On Thu, Jun 28, 2018 at 03:40:29PM +0200, Dominique Martinet wrote:
> Matthew Wilcox wrote on Thu, Jun 28, 2018:
> > --- a/net/9p/client.c
> > +++ b/net/9p/client.c
> > @@ -436,13 +436,9 @@ void p9_client_cb(struct p9_client *c, struct p9_req_t 
> > *req, int status)
> >  {
> >     p9_debug(P9_DEBUG_MUX, " tag %d\n", req->tc->tag);
> >  
> > -   /*
> > -    * This barrier is needed to make sure any change made to req before
> > -    * the other thread wakes up will indeed be seen by the waiting side.
> > -    */
> > -   smp_wmb();
> >     req->status = status;
> >  
> > +   /* wake_up is an implicit write memory barrier */
> 
> Nope.
> Please note the wmb is _before_ setting status, basically it protects
> from cpu optimizations where status could be set before other fields,
> then other core opportunistically checking and finding status is good so
> other thread continuing.
> 
> I could only reproduce this bug with infiniband network, but it is very
> definitely needed.

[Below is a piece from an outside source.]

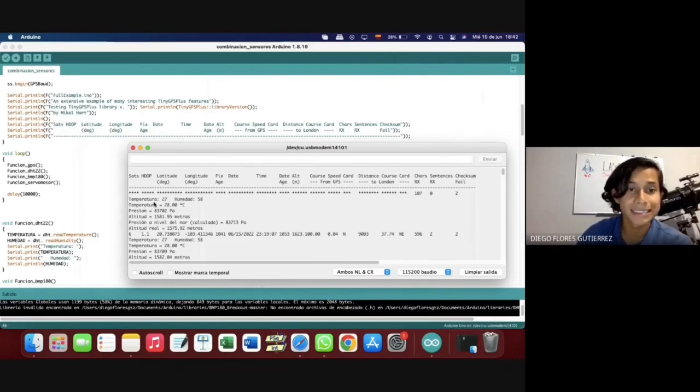In the Arduino, you can see the temperature, humidity, pressure, the altitude, and in this case for the GPS, you have the longitude and the latitude.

Here is the commit message of when I added that barrier:
> -----
> 9P: Add memory barriers to protect request fields over cb/rpc threads handoff
> 
> We need barriers to guarantee this pattern works as intended:
> [w] req->rc, 1          [r] req->status, 1
> wmb                     rmb
> [w] req->status, 1      [r] req->rc
> 
> Where the wmb ensures that rc gets written before status,
> and the rmb ensures that if you observe status == 1, rc is the new value.
> -----
> 
> It might need an update to the comment though, if you thought about
> removing it...

Ah!  Yes, that situation is different from what the comment documents.

How about this?

        /*
         * This barrier is needed to make sure any change made to req before
-        * the other thread wakes up will indeed be seen by the waiting side.